Так они въехали в город как два обыкновенных путника, причём не слишком богато одетых — мимо них проносились на лошадях и ехали в каретах гораздо более шикарно одетые люди.
Город был богат — это видно сразу: по ширине его мощёных улиц, по высоте домов, по публике, спешащей по своим делам. Лавар Ксиндара оживлённо вертел головой, разглядывая одежды пешеходов и особенно всадников — его беспокоило, не слишком ли архаично выглядит его костюм с широким отложным воротником. Оказалось, что здесь царят несколько иные моды, и даже Лён заметил, что большинство всадников одеты гораздо богаче, нежели они.
Сам Лён был наряжен в простой дорожный костюм, подобный тому, в котором он пустился в приключение, в котором встретил группу мутузников — артистов-воров. На нём был плотный кожаный колет с высоким стоячим воротником, кожаные штаны — всё светло-коричневого цвета. Только плотный плащ с меховой опушкой по капюшону, который ему дал из своих запасов Магирус Гонда, был синего атласа, с практичной чёрной подкладкой и прорезями для рук, да фетровая шляпа соответствовала цвету. В целом Лён был одет весьма скромно — он был теперь одного роста и сложения с Магирусом, и тот делился с бывшим учеником своими запасами одежды, пока тот не обзаведётся собственным хозяйством.
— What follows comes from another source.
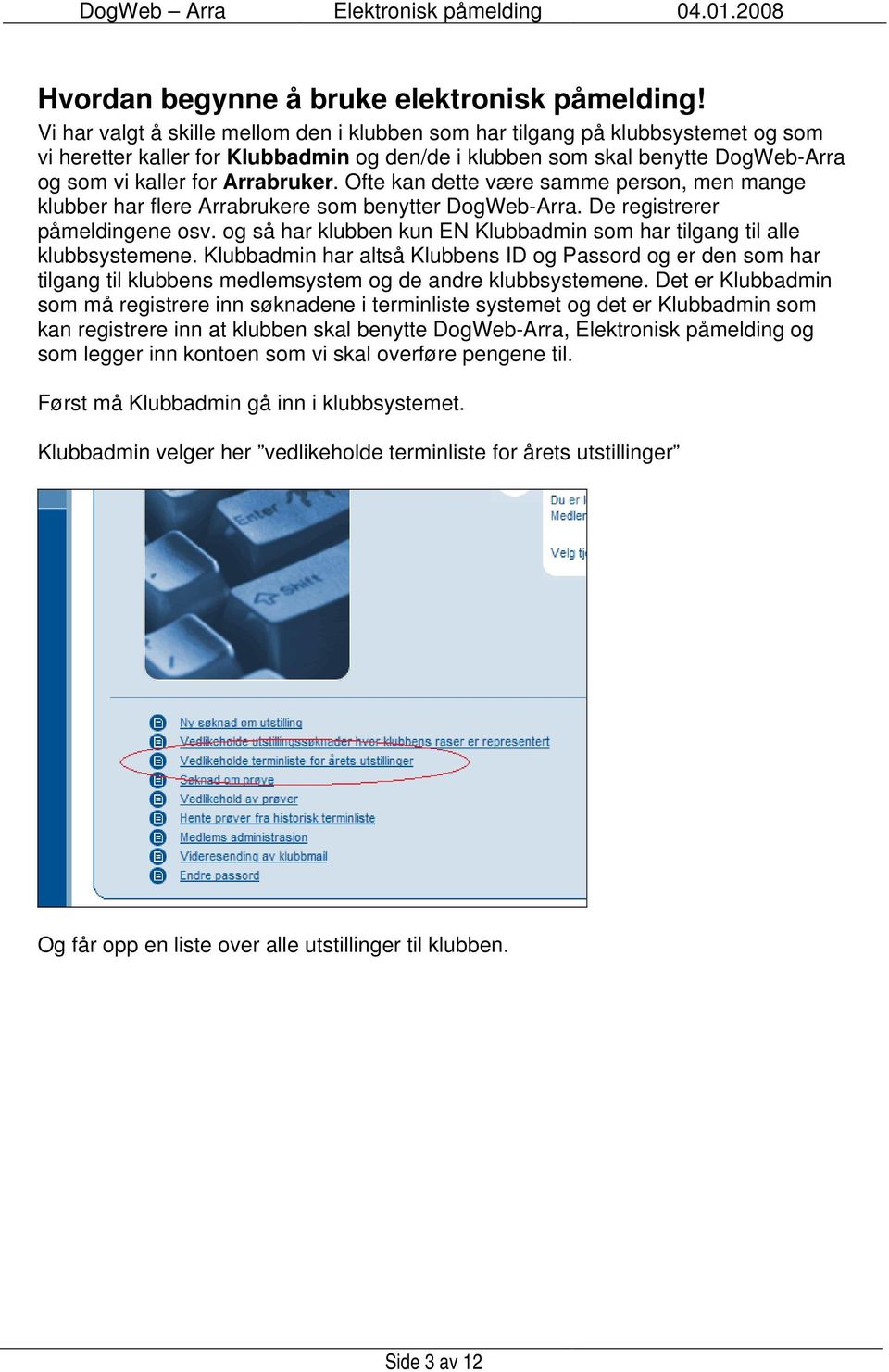 Ofte kan dette være samme person, men mange klubber har flere Arrabrukere som benytter DogWeb-Arra. De registrerer påmeldingene osv.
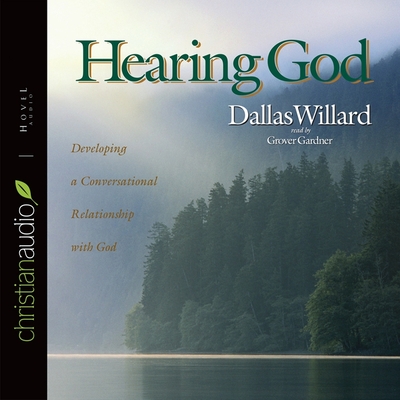 Hearing God: Developing a Conversational Relationship with God By Dallas Willard, Grover Gardner (Read by) Cover Image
Так что, Лён был во всём, что говорится, с чужого плеча.
Зато Лавар Ксиндара выглядел гораздо успешнее: всё на нём было новенькое, благодаря щедрости Перстня Исполнения Желаний — отчего-то принцесса безмолвно снизошла к его желаниям, как будто он был владельцем волшебного кристалла. У Лёна не было возможности переговорить со своей тайной спутницей и расспросить её о причинах такого расположения к случайному попутчику. Но, он догадывался, что принцесса пытается организовать ему новую дружбу, поскольку старых товарищей он растерял. С печалью вспоминался Долбер, которого оставила в себе зона наваждения.
Все те друзья, с которыми Лён шёл по дорогам Жребия — где они теперь?! И даже ворюгу Кирбита теперь он вспоминал с долей сожаления. Надо же, как они сдружились с ним, когда давний враг Лёна волей зоны наваждения преобразился в степного хана Ратмира.
Ксиндара сильно не дотягивал до всех прежних попутчиков Лёна: во-первых, он был очень легкомысленен, даже не смотря на то, что был лет на десять старше дивоярца, во-вторых, в нём чувствовалось что-то ненадёжное, словно тот в любой момент готов оставить своего спасителя, едва ему засветит что-то более выгодное. Недаром Гранитэль так старалась привязать Лавара при помощи услуг, оказанных ему.
Следовало признаться, что сам Лён не приложил к этому ни пальца — всё сделала принцесса, она же молча позволила своему хозяину (если вообще так можно выражаться) присвоить себе всё её заслуги и тем самым создала у Ксиндары иллюзию волшебной силы Лёна. Так что, у спутника были все основания держаться возле своего благодетеля и тем скрашивать его одиночество.
Да, Лён был вынужден признаться сам себе, что не в состоянии терпеть уединение пути, хотя до этого полагал, что любит одиночество. Совершенно очевидно, что Гранитэль знала и понимала его гораздо лучше, чем он сам знал себя.